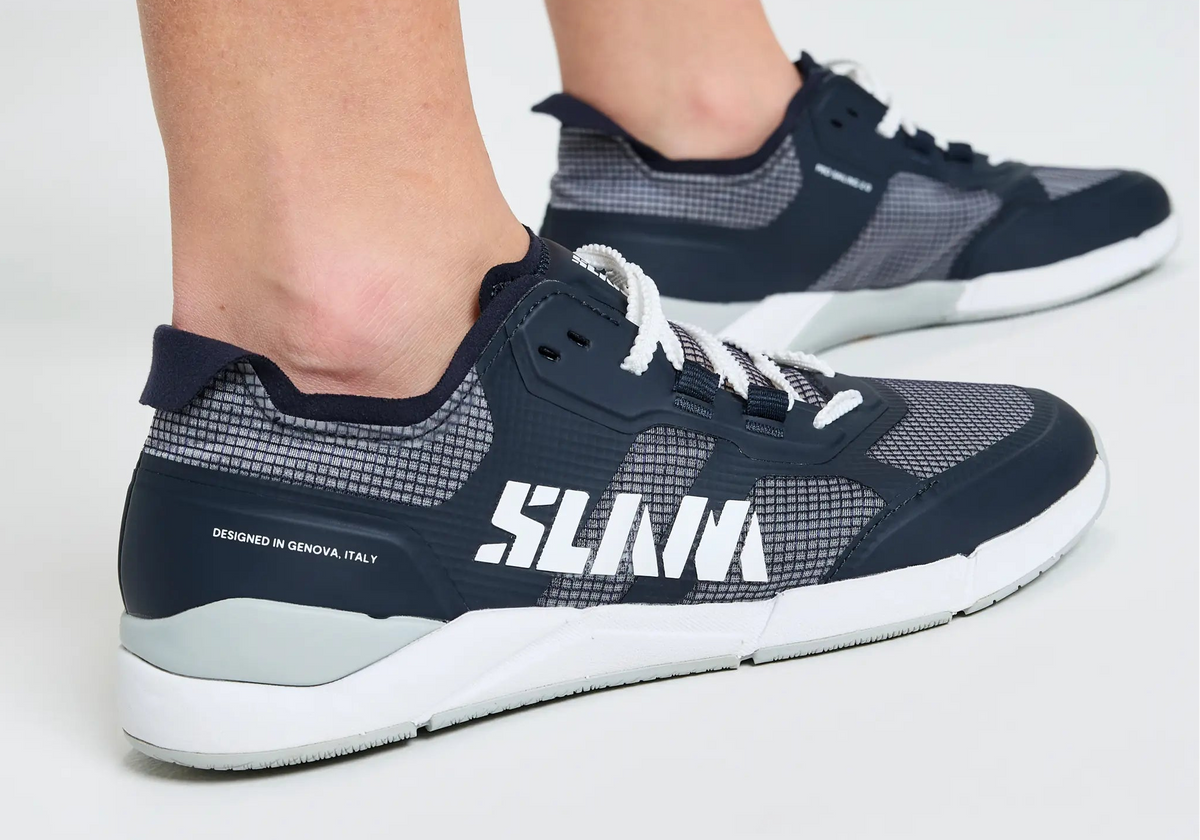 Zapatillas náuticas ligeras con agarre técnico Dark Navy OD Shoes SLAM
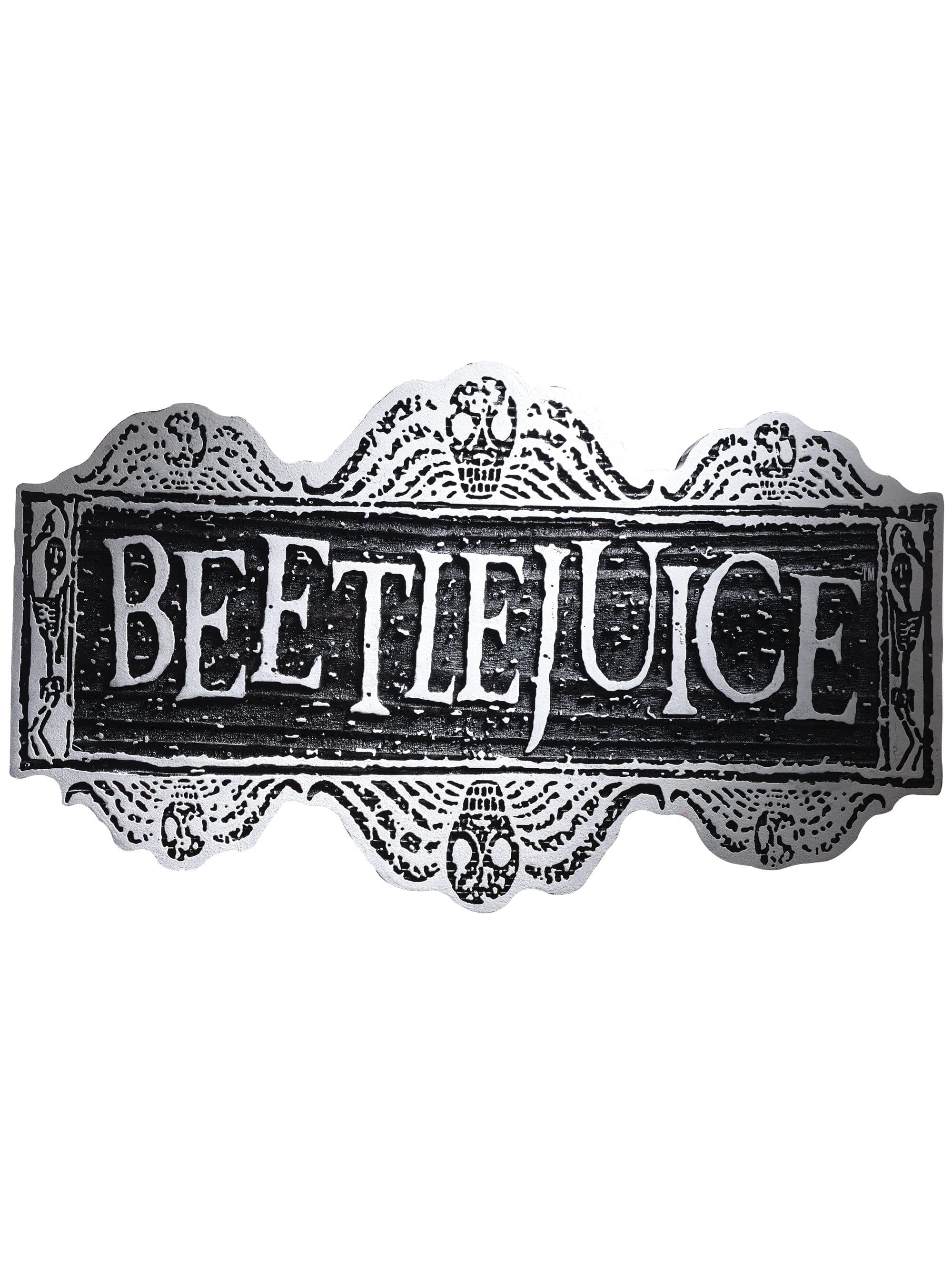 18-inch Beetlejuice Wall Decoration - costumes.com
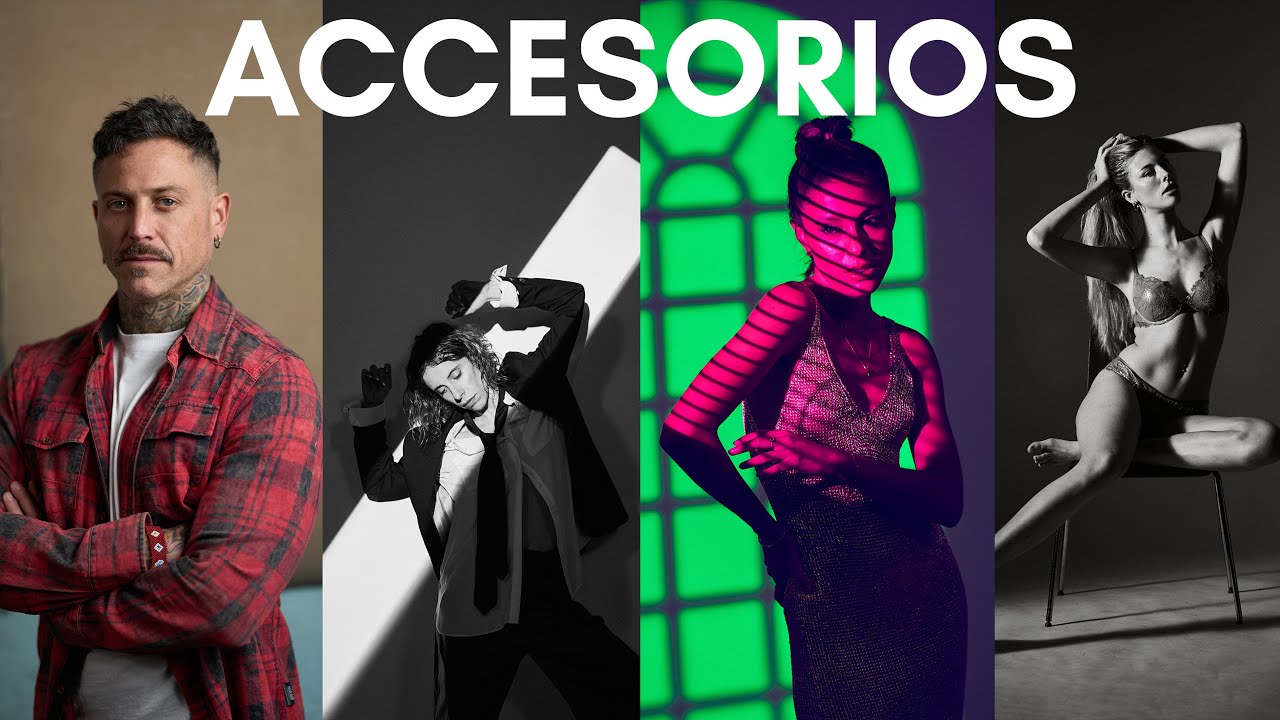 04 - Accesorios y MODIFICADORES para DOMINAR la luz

##############################

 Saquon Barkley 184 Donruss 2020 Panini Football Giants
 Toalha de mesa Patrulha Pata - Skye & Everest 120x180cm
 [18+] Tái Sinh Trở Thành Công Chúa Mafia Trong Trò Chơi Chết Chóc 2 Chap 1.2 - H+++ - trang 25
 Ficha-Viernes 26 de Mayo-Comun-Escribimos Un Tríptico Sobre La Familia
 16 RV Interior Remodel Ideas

##############################

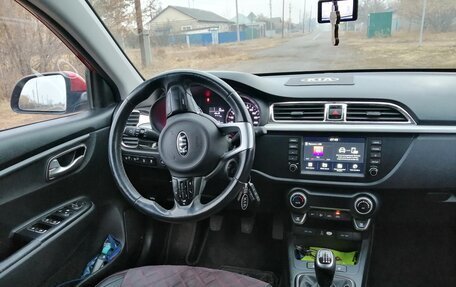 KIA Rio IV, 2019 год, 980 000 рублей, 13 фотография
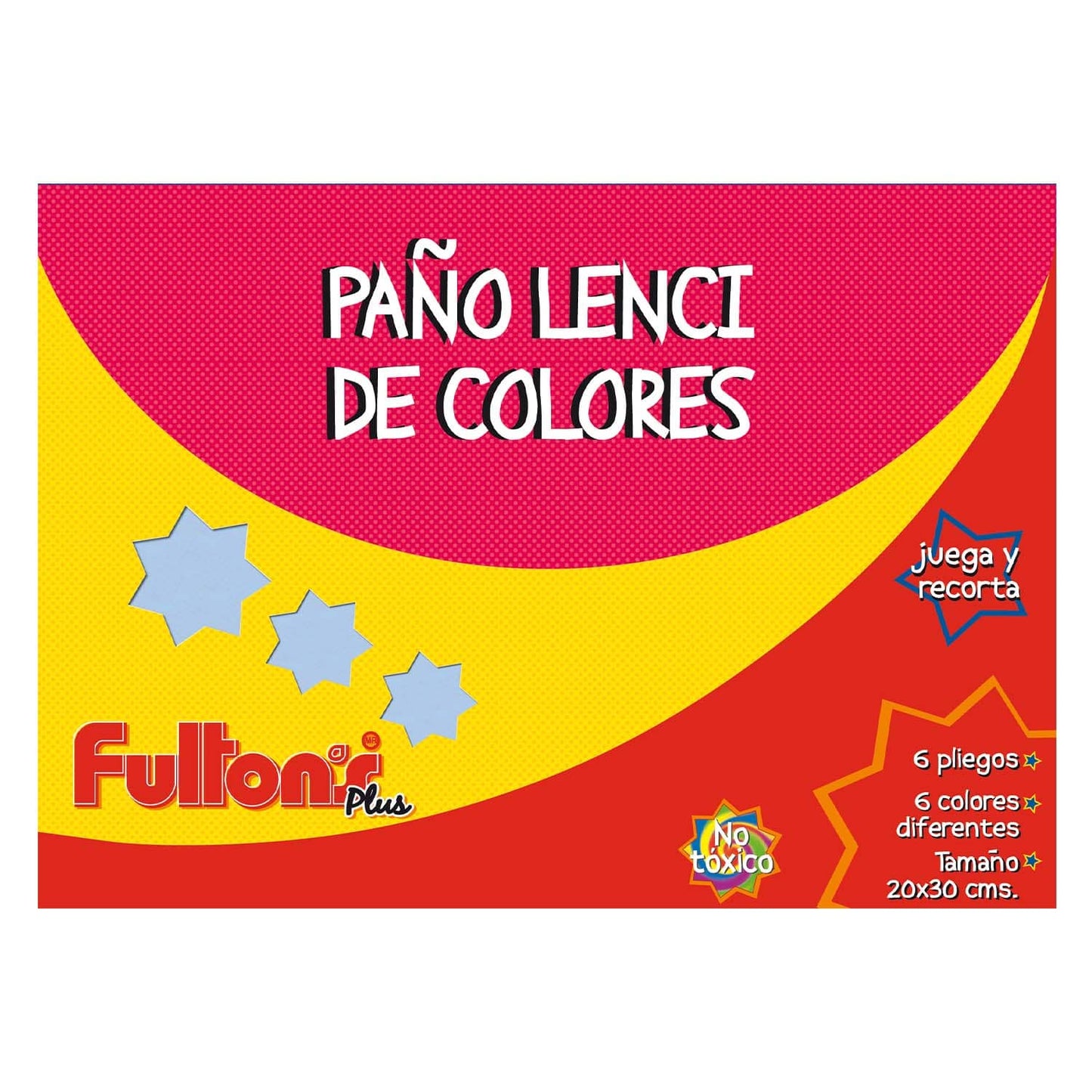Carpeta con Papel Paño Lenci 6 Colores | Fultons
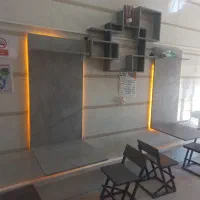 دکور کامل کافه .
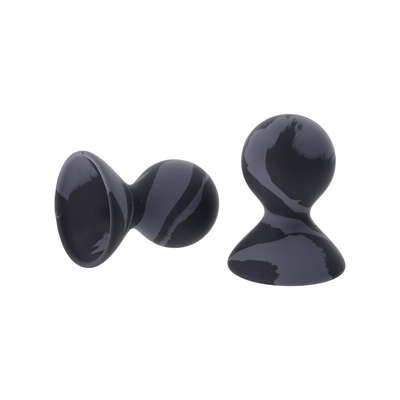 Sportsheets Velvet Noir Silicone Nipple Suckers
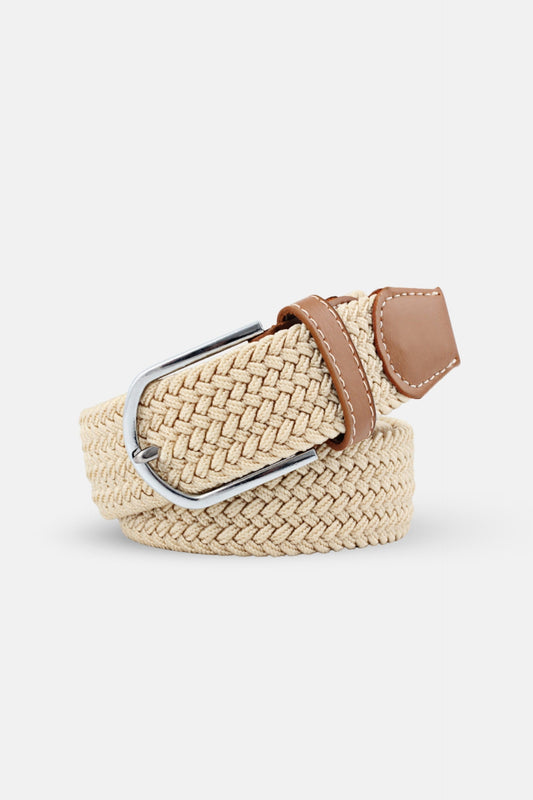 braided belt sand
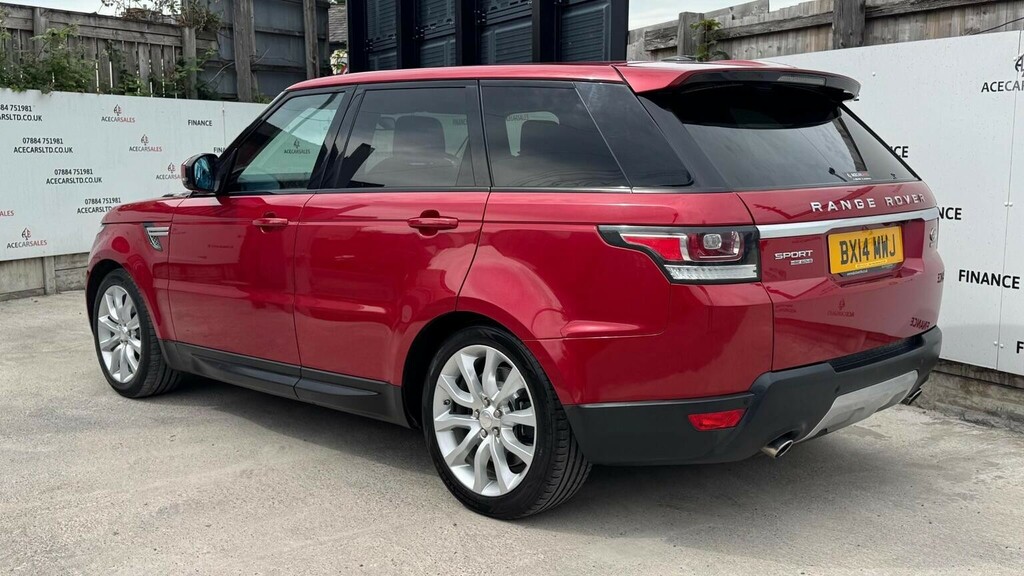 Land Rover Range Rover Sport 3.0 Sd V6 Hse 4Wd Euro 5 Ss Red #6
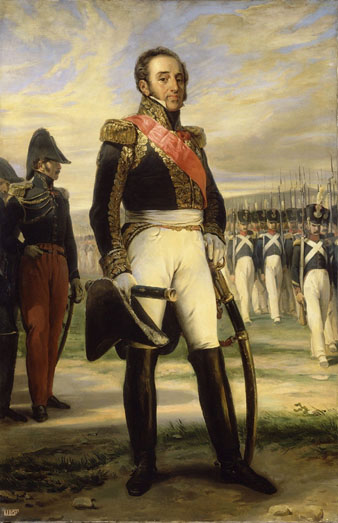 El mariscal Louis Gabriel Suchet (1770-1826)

##############################

__Your objective__.
From the records above, extract the lines from the one holding "Zapatillas náuticas ligeras" through the one holding "04 - Accesorios", word for word; omit the pictures.

__Task answer__.
 Zapatillas náuticas ligeras con agarre técnico Dark Navy OD Shoes SLAM
 18-inch Beetlejuice Wall Decoration - costumes.com
 04 - Accesorios y MODIFICADORES para DOMINAR la luz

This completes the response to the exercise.